RM: It reminds me of in the 2005, 2006 time frame, I worked in a mobile wireless space on the software side. One of the technologies that was coming at the time was wireless USB, which was built on top of the ultra-wideband protocol, and it was going to be 100 times faster or whatever. A similar thing happened, right, which was you had all the specs– and of course, there wasn’t interoperable hardware yet, because everybody was trying to get it to work, and it’s fast, and there’s standards still being debated.
We as a software company were working on it. We were kind of waiting on the hardware guys. What ultimately happened was, because it took so long, there were two things that happened in parallel. One was that we realized, wow, to get the theoretical throughput it really only worked when you’re streaming, like, a DVD movie, right? Just for shorter messages, there was so much communication overhead, that it actually was a lot slower.
Then in parallel, 802.11 just kept getting faster and faster. You went from B to G to N to whatever. Then you look around, and you go, wow, instead of being a 100x gain, it’s a 2x gain, and it’s five times the cost. Like, why am I going to do this? So, I don’t know that wireless USB ever became a major thing. At least I don’t own any wireless USB products.

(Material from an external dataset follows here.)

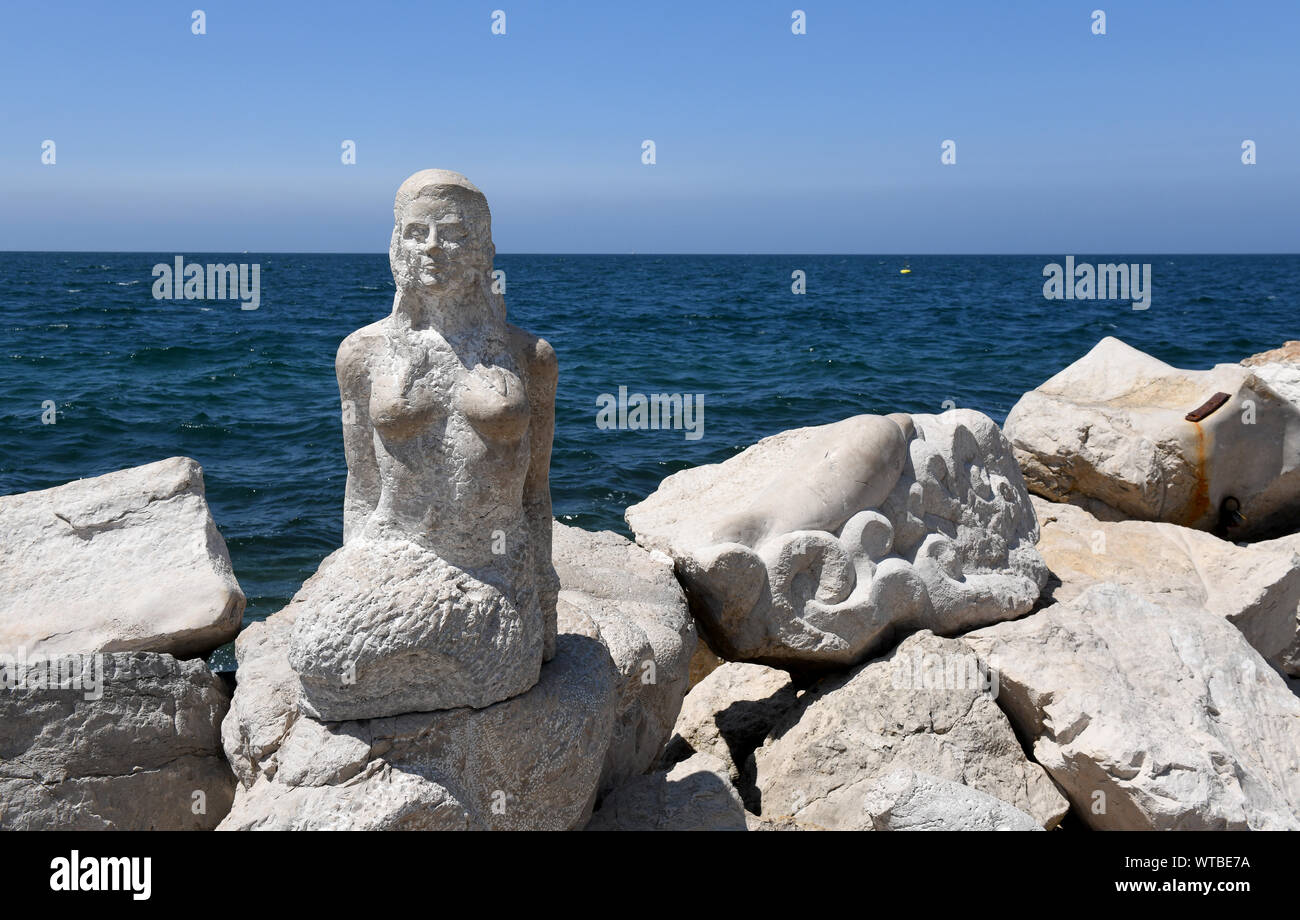 Pirano, Slovenia, sculture di roccia del litorale adriatico Foto Stock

I can see that happening. It’s part of what I’ve tried to– from the investing side, it’s part of what I’ve thought a lot about is how the hardware landscape is going to play out, because I have no doubt there’s going to be a lot of changes. It’s hard to predict what they’re going to be though. What do you think– are you excited or are you nervous about the fact that a lot of these concepts are moving away from the von Neumann architecture that we’ve had for 50, 60, 70 years, however long we’ve been doing these hardware devices, and it’s opening up a lot of new compute opportunities?
MM: Yeah, I mean, I think it’s exciting. I think most people at Arm think it’s exciting. You know, the whole von Neumann thing, I tend not to get too worked up over that. I mean, at the end of the day, right, like if you look at a state-of-the-art accelerator, you’re still getting instructions from somewhere telling you, hey, it’s time to do a big matrix by matrix multiply. And then pretty much everybody goes off and pulls the data from some memory somewhere and multiplies it together and produces a result. And is that von Neumann? I don’t know. The question I have is, does it work? Is it lower power, less area? And, is it programmable, you know?

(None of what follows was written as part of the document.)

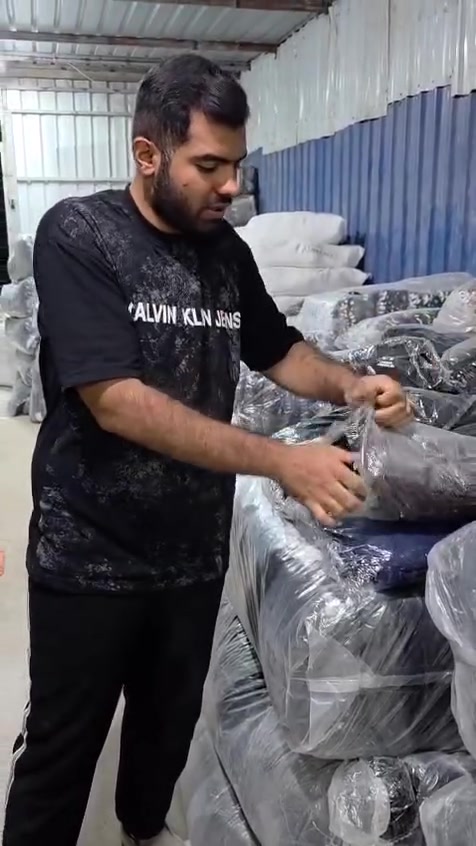 اصحاب التنزيلات الولادي والشبابي والرجالي بسعر المناسب توفر اليوم 
سعر من الف و750 ال 3 و750 فقط 
يوجد توصيل لجميع مناطق العراق


**إذا كنت صاحب هذا الإعلان وتريد حذفه لأي سبب، رجاءا أرسل رسالة إلى الدعم الفني**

I think some of the more esoteric stuff maybe you could argue is clearly not von Neumann. But yeah, I think it’s a super exciting time. And as we were talking before, we started, I think, the– what’s neat about what’s happening now in the processor design space or in the hardware space in general is that for many years, speaking as an architect, right, our jobs were fairly easy. The fundamental underlying process technology kept getting better at a predictable rate in a predictable amount of time and by a predictable amount. So we could kind of be lazy and still design things that were twice as fast and cheaper. And everybody was happy. And it’s pretty clear now that those halcyon days are ending. But in a sense, it could usher in kind of a new golden age of hardware design, because now we actually have to work that much harder, because we’re not going to get this free lunch from the process guys anymore.
RM: Yeah, I saw a presentation by a guy from IBM– and I think this has all been publicly available too– that when you extrapolate and you look at the cutting-edge machine learning models that are pushing the limits, so things like AlphaGo, AlphaGo Zero, and whatever, the compute needed to run those models is doubling every 3 and 1/2 months. So it’s very hard to keep up with. And if you go back to AlexNet in 2012 up through like AlphaGo Zero, it’s been a 300,000x increase in compute needed to run those models, which is crazy and exciting and everything else.
Now, how is some of this going to affect– because you guys are all IP? You don’t do any fabrication, right?
MM: That’s right. Arm is our IP company. So we design the stuff, and then we license it to our partners, who then put it into a chip and put other stuff around it.
RM: Yeah, how do you think– because I’ve heard some people say, like, one of the nice things about coming up with a lot of these new architectures and these changes is you’re going to be able to use older fabrication technologies now. So you don’t have to be pushing to 7 nanometers and 5 nanometers and all that. Is that going to be true? Like, are we going to be able to use some of the older fabs, or are you going to need new types of fabs? Like, where do you think that the world is going?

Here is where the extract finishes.